For Community Banks, A Volcker Rule Recap
Financial institutions have been inundated with information since the release of the final Volcker Rule on December 10, 2013 (click here to view our previous newsletter). For community banks, questions remain: Which parts of the Volcker Rule are applicable and which are not? Are 10-K disclosures required? And when does the final rule take effect?
The regulations under Section 619 of the Dodd-Frank Act—the so-called Volcker Rule—are clearly aimed at banking entities that engage in proprietary trading and invest in hedge funds, typically thought of as large, internationally active institutions. But the Volcker Rule applies with equal force to the average local bank as well. To determine its impact, a banking entity needs to identify points where its business involves either proprietary trading or covered funds.
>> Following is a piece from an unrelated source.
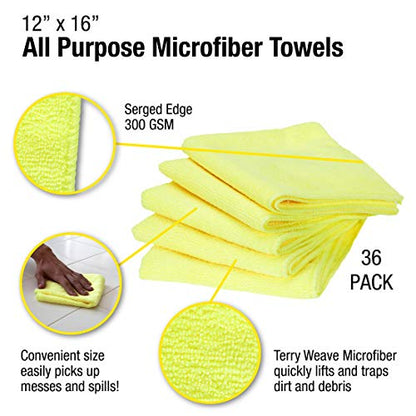 Eurow 300 GSM Microfiber Cleaning Cloths, Soft, Streak-Free, Lint-Free, Ultra Absorbent, Reusable Towels for Auto Detailing, Home Cleaning, Kitchen, Glass, Electronics, 12x16in, 36-Pack, Yellow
Community banks may benefit from thinking about these questions:
- What does the treasurer invest in? Almost certainly these investments will meet the definition of “proprietary” under the final Volcker Rule—but they may or may not constitute “trading.” The final rule features a rebuttable presumption drawing the line for “trading” at 60 days, a helpful clue for financial institutions. However, the 60-day period is only a presumption. Future regulatory interpretations, which may come in interpretive releases, cases, and examination discussions, will help to flesh out what is meant. Assuming an investment meets the definition of both “proprietary” and “trading” under the rule, does the treasurer have to change his or her investment strategy? Not necessarily. The Volcker Rule includes many exceptions. Government securities, for example, are exempted and the language is broad enough to cover a lot of what most bank treasury departments use for temporary investments. Another exemption exists for hedges but presents some complications. Each hedge must be tied to specific risks, then monitored and adjusted if the risk changes. Records must be kept about the relationship between the hedge and the related risk. These requirements will likely result in procedural changes for banks once the Volcker Rule is effective.
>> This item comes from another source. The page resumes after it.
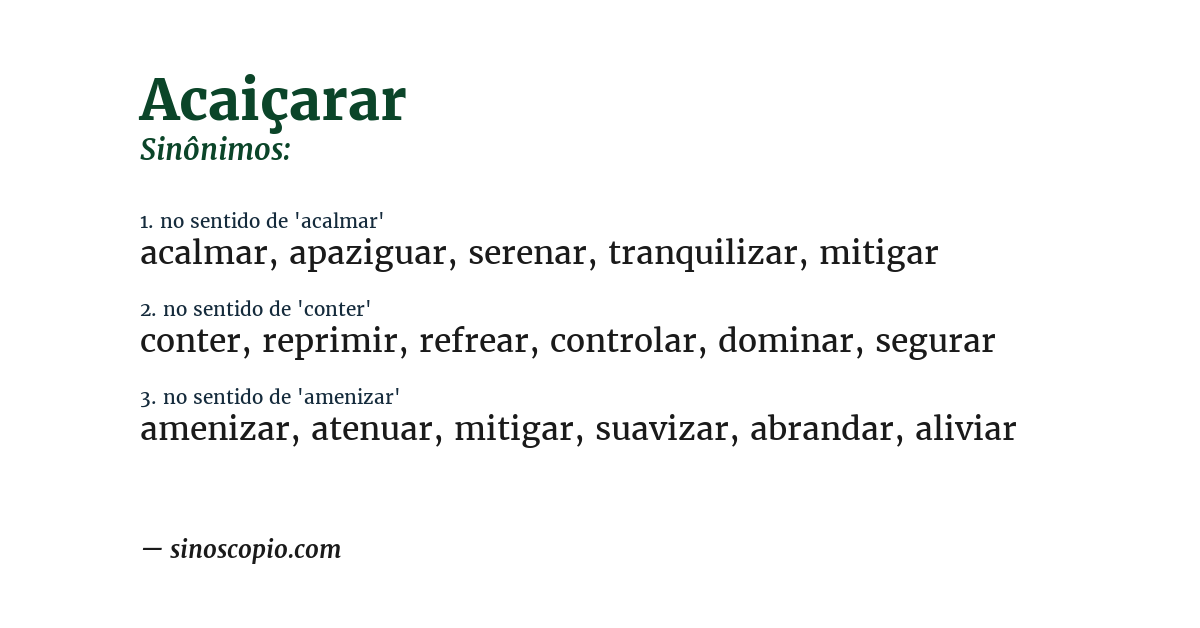 Sinônimo de acaiçarar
- Does the banking entity invest in private funds? Call them hedge funds, private equity funds, or something else, institutions must use caution when handling an investment that meets the definition of a “covered fund” under the final rule. The limit on investing in all covered funds is 3 percent of Tier 1 Capital, and a banking entity’s investment in any single covered fund cannot be more than 3 percent of that covered fund. Again, the Volcker Rule contains multiple exemptions. Most helpful to banks is an exception for funds that invest in whole loans; other carve-outs exist for small business investment companies and business development corporations. If specific requirements are met, derivatives, securitizations, and commercial paper conduits can also qualify for exceptions from covered funds. A private fund that engages in merchant banking transactions may not be exempt. Banking entities will need to review the exceptions and the specific requirements to ensure that an exclusion applies before investing in pooled vehicles.
- Does the banking entity organize pooled investments for others? Whether for a consortium of small banks or for investment by retail customers, the Volcker Rule allows a banking entity to act as a sponsor of a private fund. The institution can use its own money to seed the fund (even if that gives the banking entity more than 3 percent of the fund at the beginning), but the seeding period only lasts one year; after 12 months, the 3 percent ownership limit applies. The banking entity or an affiliate can remain involved in managing the fund in other respects after the seeding period, but should review the final rule for details on how the management and sponsorship arrangement must be constructed.
Why it matters: While most of the Volcker Rule’s more burdensome provisions are aimed at practices and business lines that are found only at the largest banks, some are pertinent to much smaller and simpler banking institutions. No entity is too small to consider these questions. If something about the business must be modified to conform to the final rule, is it a material change? With annual reporting season coming, a material impact could require disclosure. Therefore, financial institutions would be best served to identify such issues as soon as possible—and well before the implementation date for Volcker Rule changes on July 15, 2015.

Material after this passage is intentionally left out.